Erich Kron, consultor CISO da KnowBe4, destaca que a repetição desses padrões trimestre após trimestre sinaliza uma vulnerabilidade comportamental persistente. De acordo com o executivo, “quando uma mensagem parece rotineira, como algo do RH ou do TI, os usuários tendem a questioná-la menos”. O foco dos ataques reside em entender o comportamento humano para burlar protocolos de segurança técnica por meio da engenharia social.

Por que o RH tornou-se um alvo estratégico?

O setor de RH é visto como a voz oficial da companhia, sendo responsável por comunicados críticos como atualizações de benefícios e mudanças em políticas organizacionais. Por possuir acesso direto a toda a força de trabalho e desfrutar de alta legitimidade, o departamento torna-se o disfarce ideal para criminosos. O objetivo é induzir o colaborador a clicar em links maliciosos sob o pretexto de uma urgência administrativa ou atualização cadastral.

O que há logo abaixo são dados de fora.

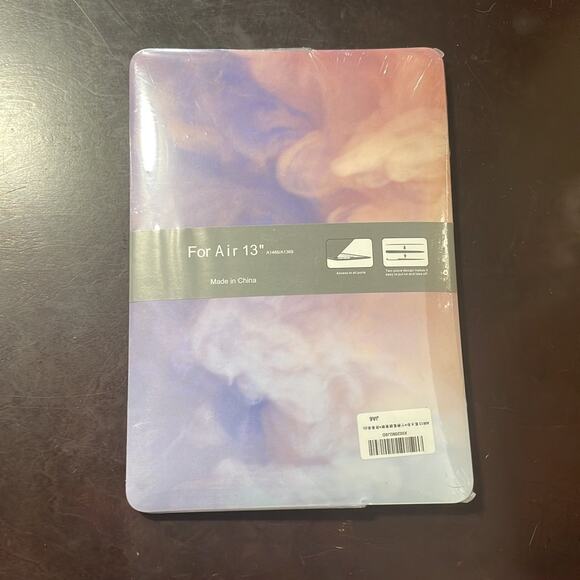 MacBook Air 13” pink/purple cloud design shell case - Picture 1 of 3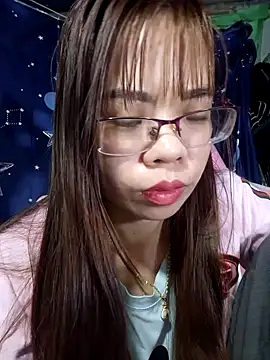   Mai-love19   online show from March 2, 2025, 8:48 am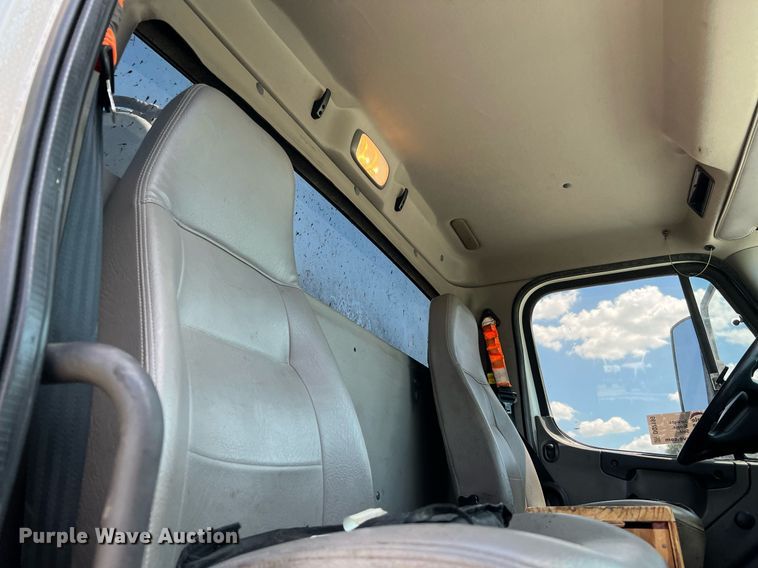 image for item DQ2199 2013 Freightliner 114SD  seal coat truck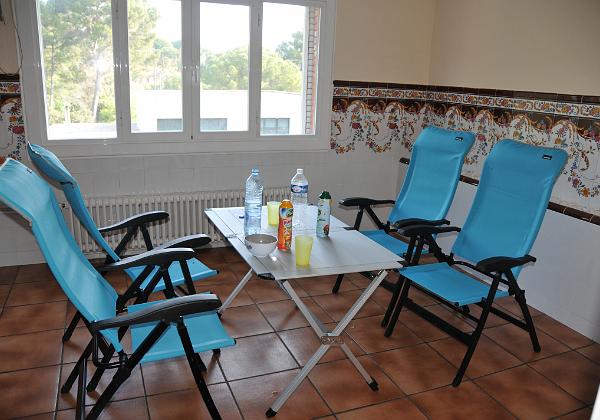 Bellaterra II (Tuesday, 18. April 2017) Camping at home - the dining table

A exploração de mecanismos psicológicos, como a confiança na hierarquia, é o primeiro passo para o sucesso de uma invasão. Criminosos utilizam a autoridade intrínseca ao RH para solicitar dados sensíveis ou instalar softwares maliciosos nos terminais dos funcionários. Compreender essa dinâmica é fundamental para que as empresas fortaleçam sua cultura de segurança e mitiguem riscos de vazamento de dados que podem comprometer a operação.

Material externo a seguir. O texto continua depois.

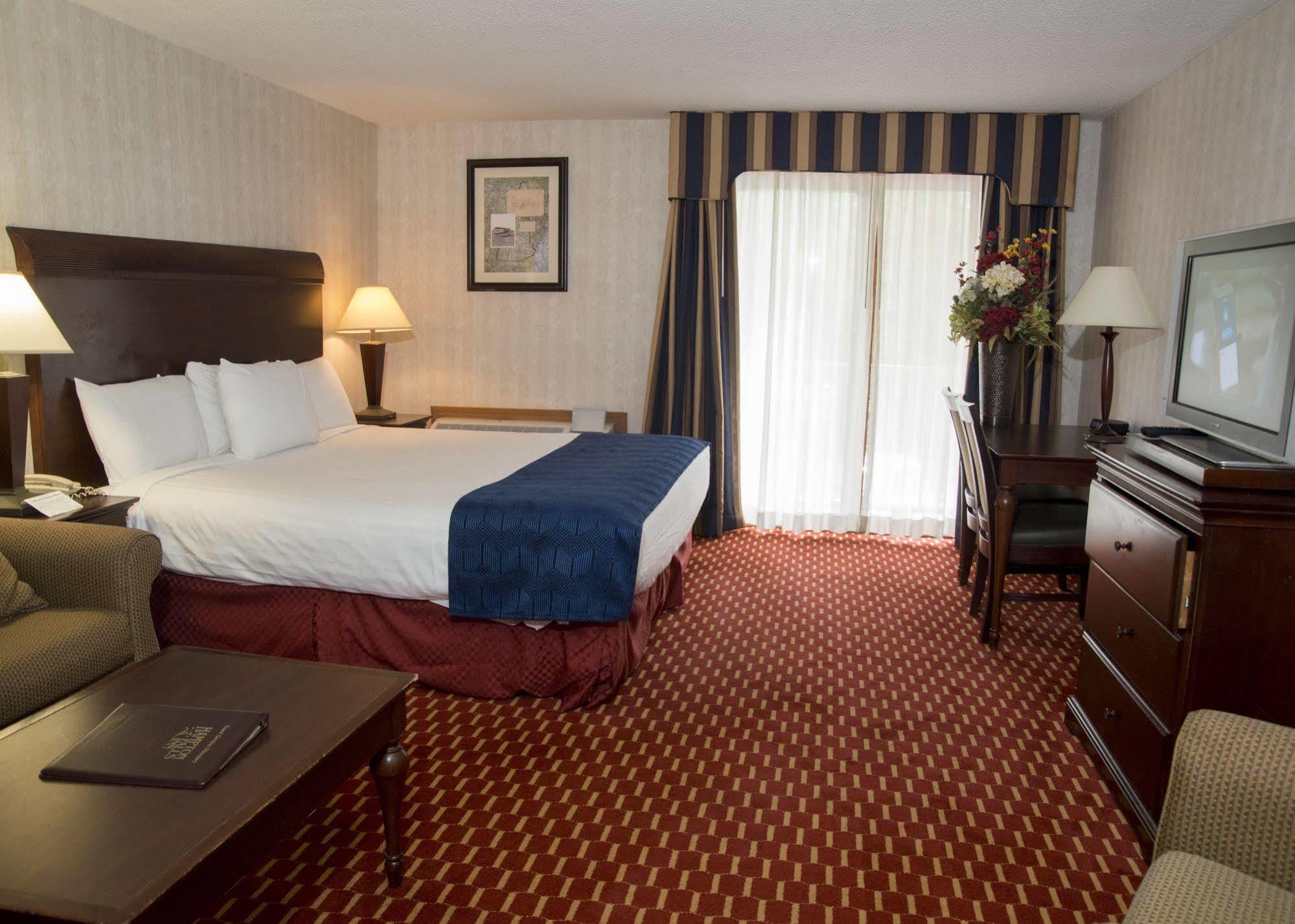 Hampton Falls Inn Extérieur photo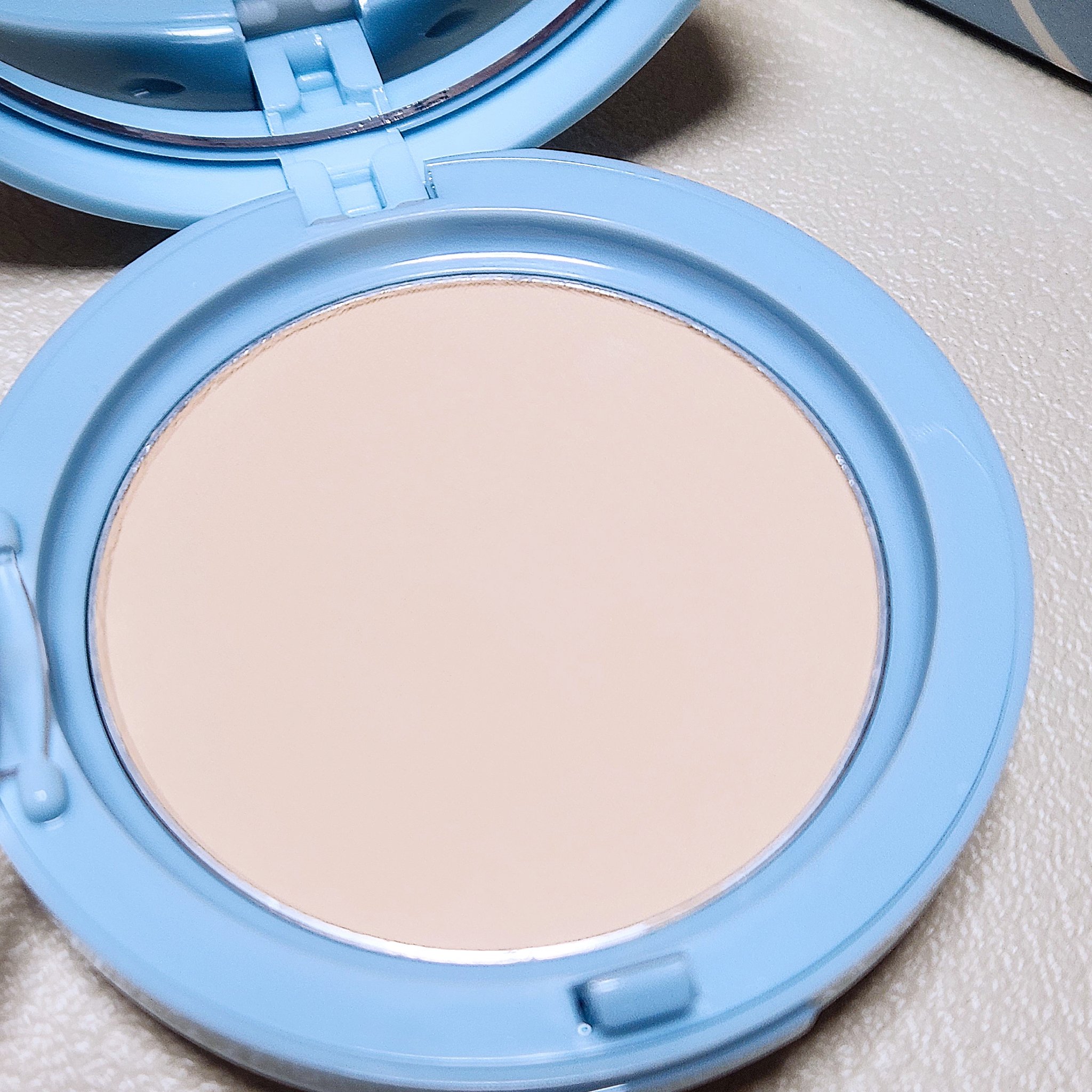 スムースフィットファンデーション/mileda/パウダーファンデーションを使ったクチコミ（3枚目）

Kron reforça que a gestão do risco não deve se limitar apenas ao treinamento técnico, mas focar na mudança de comportamento real dos funcionários. Conforme pontua o consultor, “o fato de essa tendência se repetir mostra que não se trata apenas de enganar os usuários, mas de entender o comportamento humano. A plataforma aborda o treinamento para construir uma resiliência duradoura”. A meta é transformar o colaborador em uma camada de defesa ativa.

Como proteger a organização dessas ameaças?

O fortalecimento da cultura de segurança exige que o RH e o TI trabalhem em conjunto na educação contínua das equipes. Isso inclui simulações periódicas e a instrução sobre como identificar elementos suspeitos em comunicações internas aparentemente legítimas. Em 2026, a resiliência cibernética de uma organização depende diretamente da capacidade da sua força de trabalho em tomar decisões de segurança inteligentes no cotidiano.

A adoção de tecnologias de IA agêntica surge como um suporte para gerenciar o risco humano de forma proativa. Essas ferramentas ajudam a monitorar padrões de comportamento e a personalizar o treinamento conforme a vulnerabilidade específica de cada setor ou nível hierárquico. O objetivo final é reduzir drasticamente a taxa de cliques em links maliciosos e proteger a integridade dos sistemas contra ataques cada vez mais sofisticados.

A gestão do risco humano tornou-se uma prioridade estratégica para o RH moderno, que agora lida diretamente com a proteção da infraestrutura digital. Ao integrar a cibersegurança à rotina de treinamento e desenvolvimento, as empresas conseguem reduzir o impacto de ameaças externas de forma sustentável. A proteção dos dados organizacionais passa, obrigatoriamente, pela desconstrução da confiança cega em mensagens rotineiras.